I’m going to keep going on last week’s theme of feeling a little clueless and make this week: “what’s my job again 2: classroom teacher edition.” Specifically, I’m gearing this towards classroom teachers in the co-teach model, though, many of the same tips apply to TA-support.
As the classroom teacher for a remote class, you are the single most important person in the success of your classroom. The content that the remote volunteers are delivering could be the best in the world, but without your support, those lessons will fall flat.
What does that support look like? Parts of running “remote classrooms” are things you’ll be very familiar with from running any other classroom. Getting to know your students, encouraging questions, keeping focus, handling behavior, and managing IEPs are all things you’ll do in this class just like any other.
So, let’s focus on some of the differences. The biggest one is a step that can be kind of daunting – not only inviting other instructors into your classroom, but also handing off primary content delivery to them. This may make you feeling a bit secondary – you’re not! Resist this feeling! Remember that you have the greatest ability to welcome the remote volunteers into your classroom, and to make interacting with the feel normal. Students will follow your lead.
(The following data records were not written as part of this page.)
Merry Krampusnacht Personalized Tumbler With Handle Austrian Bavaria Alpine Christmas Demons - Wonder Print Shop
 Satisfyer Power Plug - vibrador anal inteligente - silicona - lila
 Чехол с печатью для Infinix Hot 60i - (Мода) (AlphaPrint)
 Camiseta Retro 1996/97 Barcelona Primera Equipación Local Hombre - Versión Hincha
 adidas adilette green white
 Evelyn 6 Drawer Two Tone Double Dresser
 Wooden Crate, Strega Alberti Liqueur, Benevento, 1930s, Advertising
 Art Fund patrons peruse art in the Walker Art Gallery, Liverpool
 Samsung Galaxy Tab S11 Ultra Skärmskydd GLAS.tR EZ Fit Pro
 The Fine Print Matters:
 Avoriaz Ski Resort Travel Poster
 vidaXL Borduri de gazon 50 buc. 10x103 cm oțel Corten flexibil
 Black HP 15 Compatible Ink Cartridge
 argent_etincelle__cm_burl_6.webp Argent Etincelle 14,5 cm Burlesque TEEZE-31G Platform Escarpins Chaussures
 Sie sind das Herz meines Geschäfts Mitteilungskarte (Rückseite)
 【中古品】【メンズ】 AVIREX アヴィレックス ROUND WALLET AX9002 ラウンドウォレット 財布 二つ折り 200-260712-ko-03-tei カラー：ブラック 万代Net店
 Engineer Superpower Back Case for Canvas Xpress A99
Some practical tips to consider:
- Talk to the remote volunteers in front of the class
- Say good morning all together
- Help repeat the instructions
- When the volunteers indicate, re-prompt the class for questions or to raise hands
- Let the volunteers know how the class is doing – you have the best view of facial expressions and body language, and are the only person who can feel when the room is full on confusion
- Remind students to ask the volunteers questions
- You should handle as much as you can, but you’ll probably get overwhelmed
- Encourage students to ask their questions, even non-curriculum related ones, to the volunteers
- Ask your own questions, even in front of class. You’re a student too, and it sets a great example for them to “do as I do, not just as I say”
- Keep students engaged
- Walk around the classroom – distracted students stay more on task when someone is over their shoulder
- Take note of which students engage with the remote volunteers, and which shy away. The shy ones in particular will needs extra encouragement to connect, and some more in person help from you
I want to close this post out by inviting the classroom teachers we have here on the forums to chime in. What were some of your challenges in your first year as a TEALS co-teacher? What were successful and less-than-successful strategies for running your remote classrooms? What’s something I should absolutely steal and take back to mine?